King C R, DiPetrillo T A, Wazer D E
Department of Radiation Oncology, New England Medical Center, Tufts University School of Medicine, Boston, MA, USA.
Int J Radiat Oncol Biol Phys. 2000 Jan 1;46(1):165-72. doi: 10.1016/s0360-3016(99)00406-x.
To determine, on the basis of radiobiological models, optimal modalities of radiotherapy for localized prostate cancer, and to provide a rational basis for therapeutic decisions.
An algorithm based on extensions to the linear-quadratic (LQ) cell survival model is constructed for fractionated and protracted irradiation. These radiobiological models include prostate tumor cell line-derived LQ parameters, clonogen repopulation, repair of sublethal damage, hypoxia, and radioisotope decay. In addition, dose inhomogeneities for both IMRT and brachytherapy (125I and 103Pd) from patient-derived Dose Volume Histograms (DVH), as well as dose escalation, are incorporated. Three risk groups are defined in terms of sets of biologic parameters tailored to correspond to clinical risk groups as follows: Favorable-iPSA <10 and bGS < or =6 and stage T2; Intermediate-one parameter increased; and Unfavorable-two or more parameters increased. Tumor control probabilities (TCP) are predicted for conventional external beam radiotherapy (EBRT, including 3D-CRT), intensity modulated radiotherapy (IMRT), and permanent brachytherapy.

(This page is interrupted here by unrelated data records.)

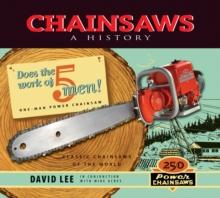 Chainsaws : A History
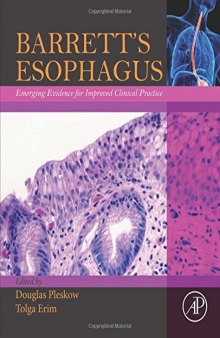 Barrett's esophagus : emerging evidence for improved clinical practice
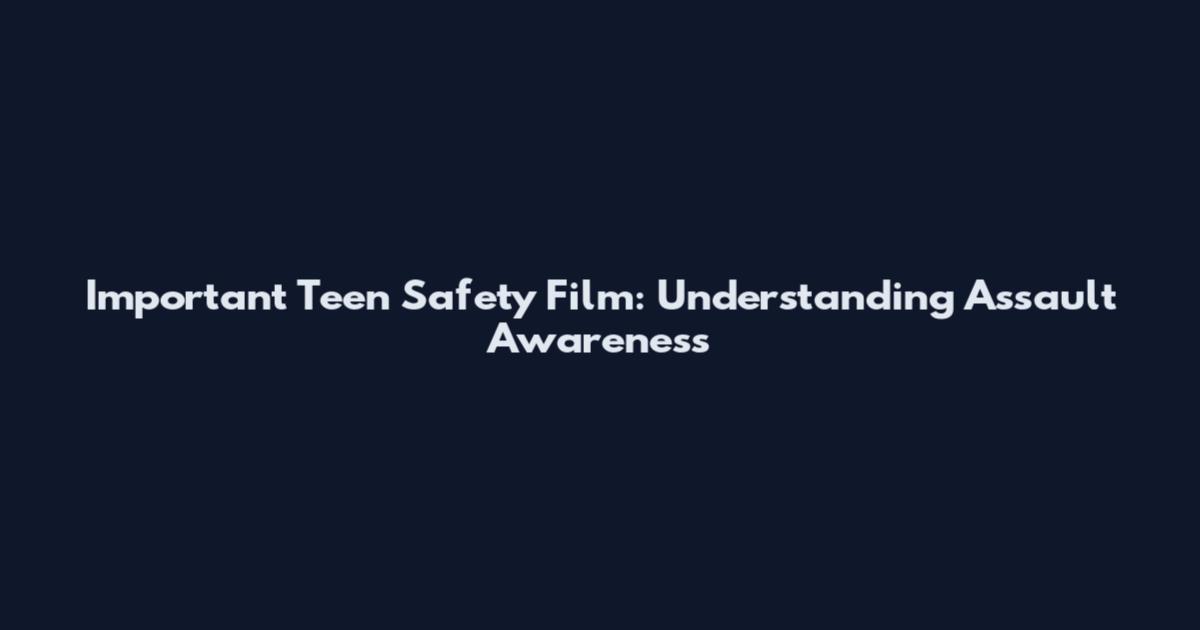 Important Teen Safety Film: Understanding Assault Awareness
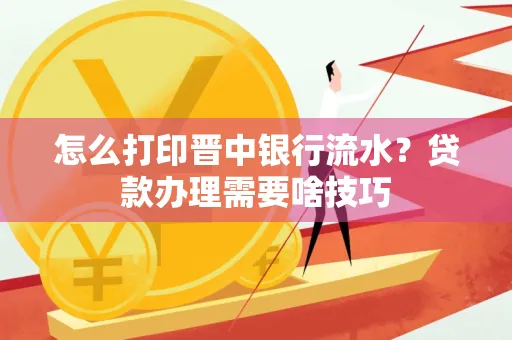 怎么打印晋中银行流水?贷款办理需要啥技巧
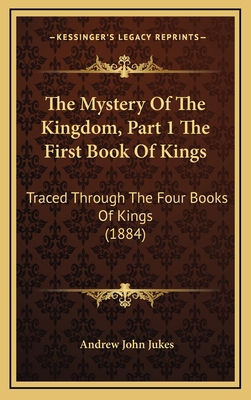 The Mystery of the Kingdom, Part 1 the First Bo... 116517295X Book Cover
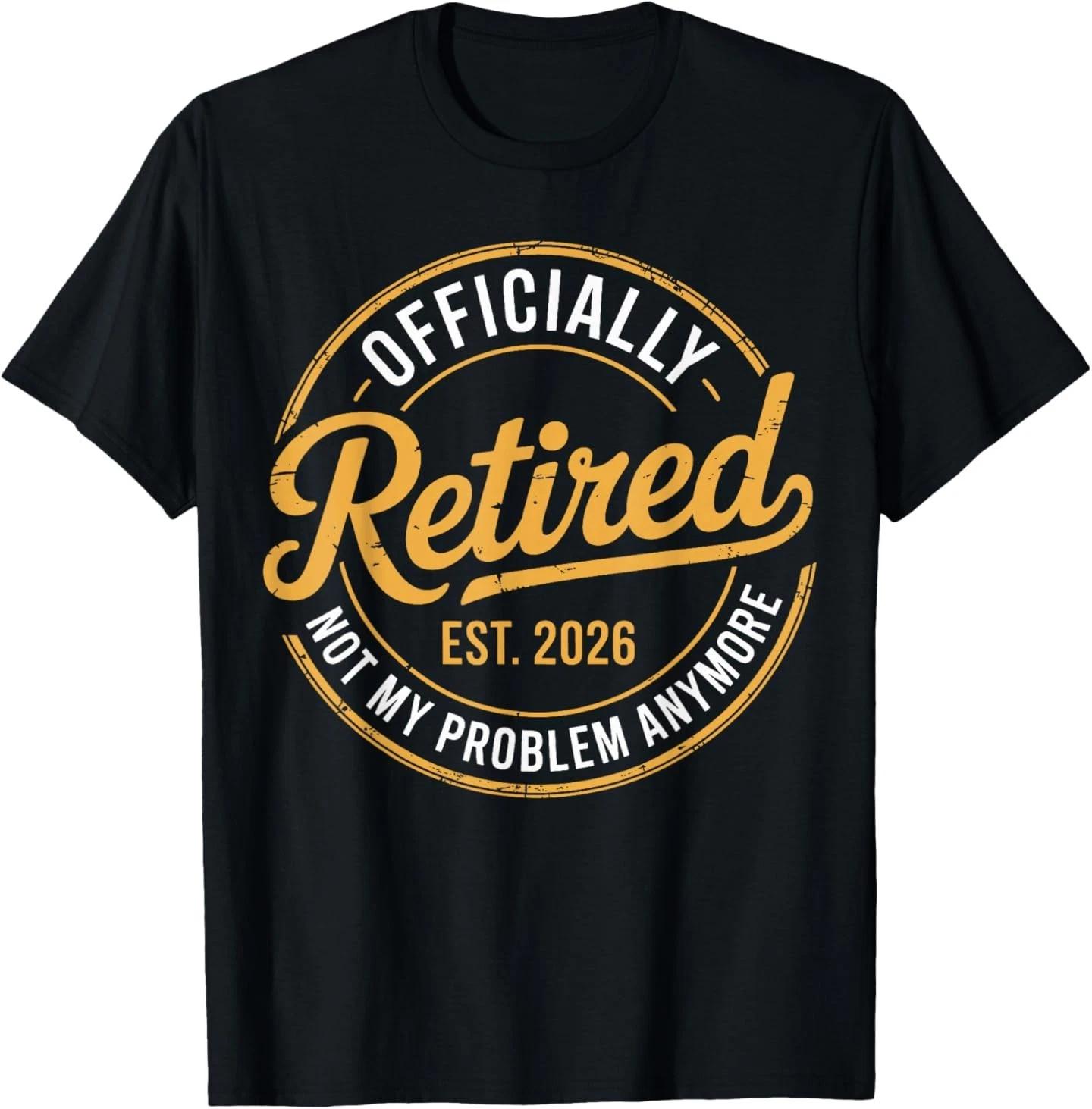 Retirement 2026 Retired 2026 Not My Problem Anymore Funny T-Shirt S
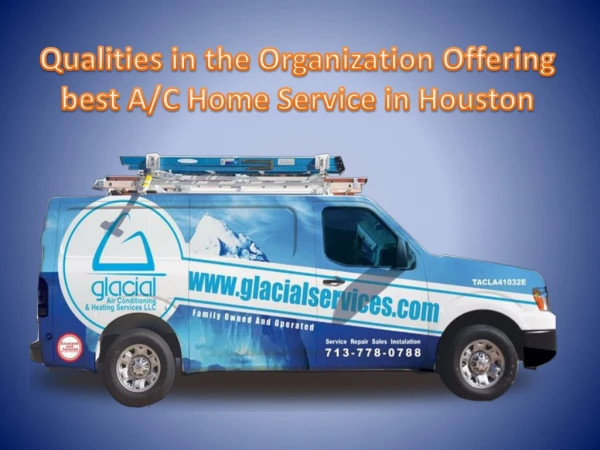 Qualities in the Organization Offering best A/C Home Service in Houston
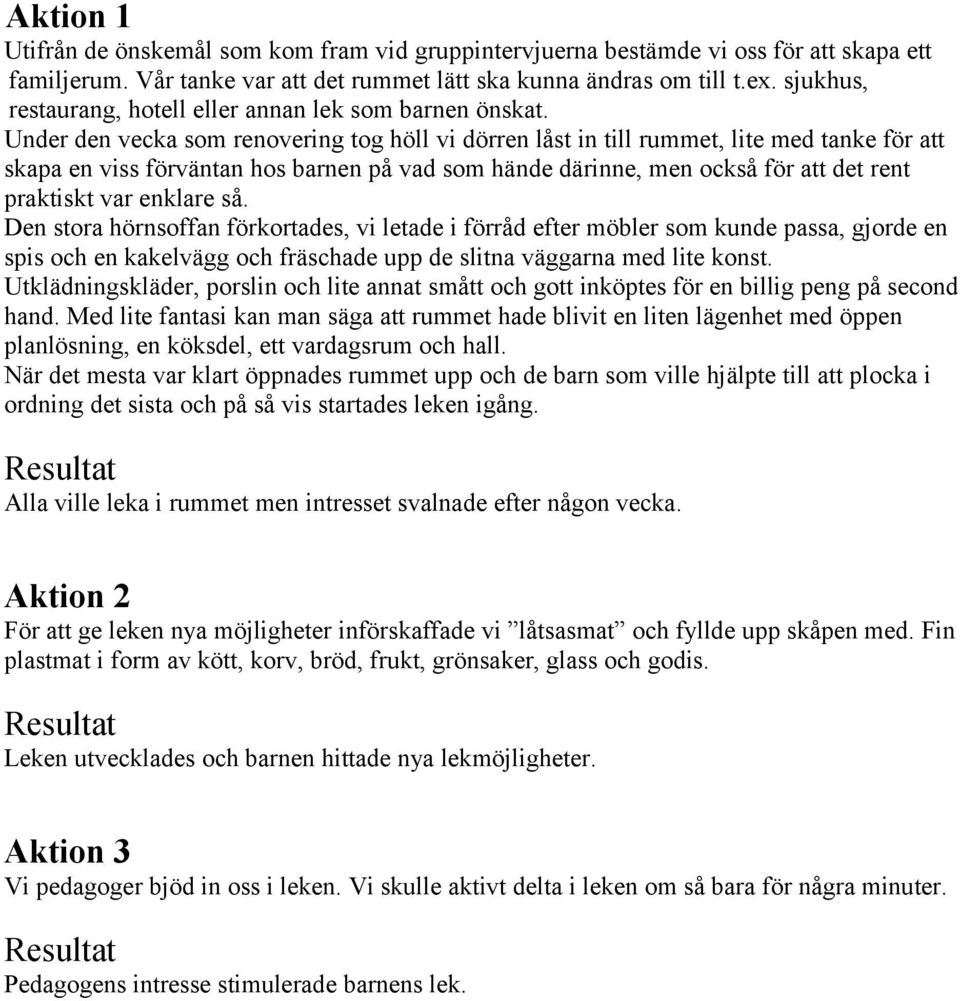 Under den vecka som renovering tog höll vi dörren låst in till rummet, lite med tanke för att skapa en viss förväntan hos barnen på vad som hände därinne, men också för att det rent praktiskt var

Brachytherapy is less susceptible to variations in alpha/beta than EBRT and more susceptible to variations in clonogen potential doubling time (Tp). Our models predict TCP consistent with the bNED results from recent dose escalation trials and long-term outcomes from brachytherapy. TCP from IMRT are systematically superior to those from conventional fractionated RT, and suggests its possible use in dose escalation without additional dose to surrounding normal tissues. For potentially rapidly dividing tumors (Tp < 30 days) 103Pd yields superior cell kill compared with 125I, but for very slowly proliferating tumors the converse is suggested. Brachytherapy predicts equivalent or superior TCP to dose escalated EBRT. For unfavorable risk tumors, combined 45 Gy EBRT+brachytherapy boost predicts superior TCP than with either modality alone.
The radiobiological models presented suggest a rational basis for choosing among several radiotherapeutic modalities based on biologic risk factors. In addition, they suggest that IMRT may potentially be superior to 3D-CRT in allowing dose escalation without increased morbidity, and that brachytherapy, as monotherapy or as boost, may achieve superior tumor control compared with dose escalation 3D-CRT. The latter conclusion is supported by clinical data.
基于放射生物学模型确定局限性前列腺癌的最佳放射治疗方式,并为治疗决策提供合理依据。
构建了一种基于线性二次(LQ)细胞存活模型扩展的算法,用于分次和延长照射。这些放射生物学模型包括前列腺肿瘤细胞系衍生的LQ参数、克隆原再增殖、亚致死损伤修复、缺氧和放射性同位素衰变。此外,纳入了来自患者剂量体积直方图(DVH)的调强放疗(IMRT)和近距离放疗(125I和103Pd)的剂量不均匀性以及剂量递增。根据为对应临床风险组量身定制的生物学参数集定义了三个风险组,如下:有利组——iPSA<10且bGS≤6且分期为T2;中间组——一个参数增加;不利组——两个或更多参数增加。预测了传统外照射放疗(EBRT,包括三维适形放疗(3D-CRT))、调强放疗(IMRT)和永久性近距离放疗的肿瘤控制概率(TCP)。
与EBRT相比,近距离放疗对α/β变化的敏感性较低,而对克隆原潜在倍增时间(Tp)变化的敏感性较高。我们的模型预测的TCP与近期剂量递增试验的生化无病(bNED)结果以及近距离放疗的长期结果一致。IMRT的TCP系统地优于传统分次放疗的TCP,这表明其可能用于剂量递增而无需对周围正常组织增加剂量。对于潜在快速分裂的肿瘤(Tp<30天),与125I相比,103Pd产生更好的细胞杀伤效果,但对于增殖非常缓慢的肿瘤,情况则相反。近距离放疗预测的TCP与剂量递增的EBRT相当或更好。对于不利风险肿瘤,45 Gy EBRT联合近距离放疗增敏预测的TCP优于单独使用任何一种方式。
所呈现的放射生物学模型为基于生物学风险因素在几种放射治疗方式中进行选择提供了合理依据。此外,它们表明IMRT在允许剂量递增而不增加发病率方面可能优于3D-CRT,并且近距离放疗作为单一疗法或增敏治疗,与剂量递增三维适形放疗相比,可能实现更好的肿瘤控制。后一结论得到了临床数据的支持。